• Description of the task:
Whatever appears in the data below, copy it exactly.
+++ Material provided
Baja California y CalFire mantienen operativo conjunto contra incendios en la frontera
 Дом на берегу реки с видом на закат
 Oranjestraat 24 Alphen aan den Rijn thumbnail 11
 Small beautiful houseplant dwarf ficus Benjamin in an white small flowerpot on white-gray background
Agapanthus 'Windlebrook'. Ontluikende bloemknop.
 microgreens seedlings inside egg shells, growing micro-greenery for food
++++++
• Answer box:
Baja California y CalFire mantienen operativo conjunto contra incendios en la frontera
 Дом на берегу реки с видом на закат
 Oranjestraat 24 Alphen aan den Rijn thumbnail 11
 Small beautiful houseplant dwarf ficus Benjamin in an white small flowerpot on white-gray background
Agapanthus 'Windlebrook'. Ontluikende bloemknop.
 microgreens seedlings inside egg shells, growing micro-greenery for food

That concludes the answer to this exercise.